*WORK ITEM:* The line containing "Panzer I A european and DAK versions image" and all lines following it in the listing below are to be reproduced exactly, with no other lines.

*DATA BLOCK:*
■ ■ ■ ■ ■ ■ ■
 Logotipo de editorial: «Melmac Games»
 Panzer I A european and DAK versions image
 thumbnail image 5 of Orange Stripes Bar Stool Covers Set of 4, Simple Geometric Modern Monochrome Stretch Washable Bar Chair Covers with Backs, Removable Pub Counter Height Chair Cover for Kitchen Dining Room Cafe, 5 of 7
■ ■ ■ ■ ■ ■ ■
*SOLUTION TO THIS PROBLEM:*
 Panzer I A european and DAK versions image
 thumbnail image 5 of Orange Stripes Bar Stool Covers Set of 4, Simple Geometric Modern Monochrome Stretch Washable Bar Chair Covers with Backs, Removable Pub Counter Height Chair Cover for Kitchen Dining Room Cafe, 5 of 7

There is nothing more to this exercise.